According to press reports, the São Paulo mayor, considered a rising figure in the Workers Party, was pressured by Rousseff to suspend the fare increases and had resisted until the last minute. For his part, Río de Janeiro’s mayor Eduardo Paes of the PMDB (Brazilian Democratic Movement Party) warned that the lower transit fares would force the city to cut spending in other areas by $200 million.

Even before the increase in fares, a minimum wage worker in São Paulo or Río was paying over 20 percent of his or her pay just getting back and forth to work each day, in poorly maintained and overcrowded buses and trains, as private operators squeezed millions of reales in profits through cost-cutting and postponed maintenance.

In dollar terms, São Paulo transit fares are the highest in Latin America, even higher than in some US cities.
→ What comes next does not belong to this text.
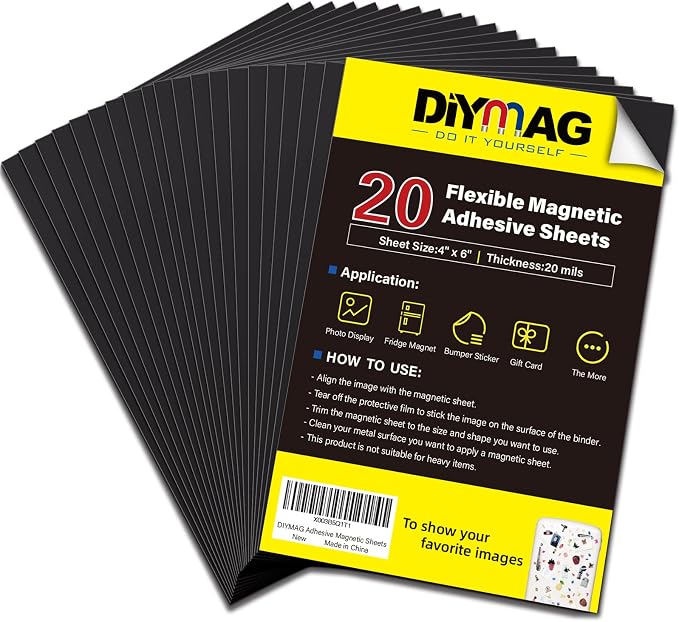 DIYMAG Magnetic Adhesive Sheets Photo Mat, |4" x 6"|, 20 Pack Cuttable by DIYMAG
In Los Angeles, California, for instance, with average wages that are five times higher than in São Paulo, transit fares ($1.35 per trip) are equal to those in the Brazilian city. Additionally, in this sprawling city of 20 million inhabitants, even better off workers are forced every day to spend hours on public buses and trains, and many pay four fares a day.
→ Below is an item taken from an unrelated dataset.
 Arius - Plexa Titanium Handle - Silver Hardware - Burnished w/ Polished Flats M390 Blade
The empty concession on transit fares will prove futile. The causes of the anger of Brazilian youth and workers, extreme social inequality combined with an exploding cost of living and an economic slump, have only found their initial and limited expression in the mass protests of the past week. Behind these conditions is the global economic crisis of capitalism which is driving social and political upheavals around the world, from Athens to Cairo, to Istanbul to Madrid, and now to Río and São Paulo and other Brazilian cities.

Rousseff has tried to portray the protests as a symptom of the successes of Workers Party rule. Expectations had risen because “we changed Brazil,” she said. Rousseff added that “citizens were formed that want more and have a right to more.” This claim, echoed in the press, cannot hide the fact that the limited gains made in ameliorating the worst poverty in Brazil have been accompanied by a widening gap between the ruling capitalist layer and the masses of working people.
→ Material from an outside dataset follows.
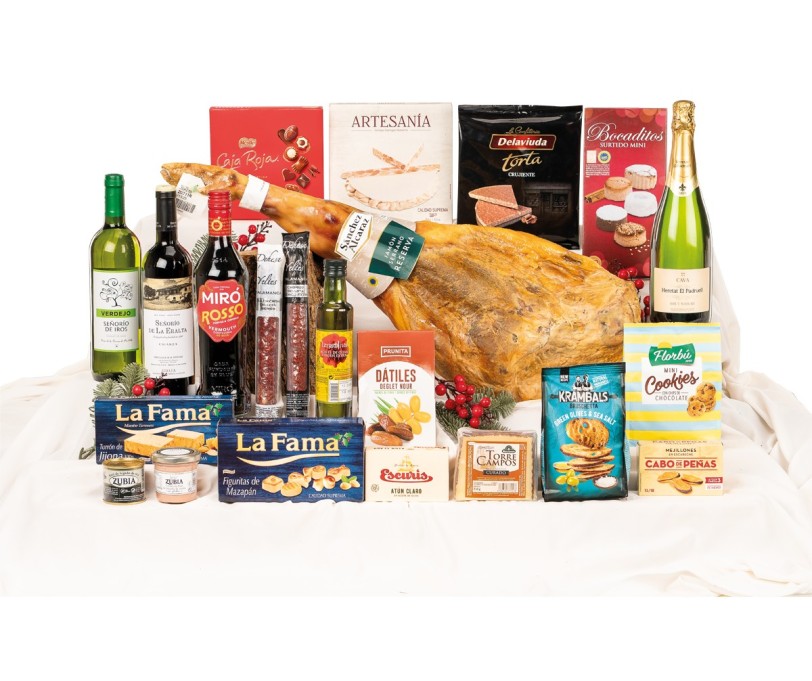 Lote de Navidad con jamón Reserva Sánchez Alcaraz y queso Torrecampos en RolinBox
There is palpable shock within all sections of the ruling establishment and its political representatives over the resulting explosion. The daily Folha de São Paulo declared: “Everything was going so well and suddenly we are replaying Tahrir Square, suddenly, with no warning, no crescendo.”

It was reported Thursday that Rousseff cancelled a scheduled trip to Japan and convened an emergency meeting of her ministers Friday morning to discuss measures to deal with the continuing protests.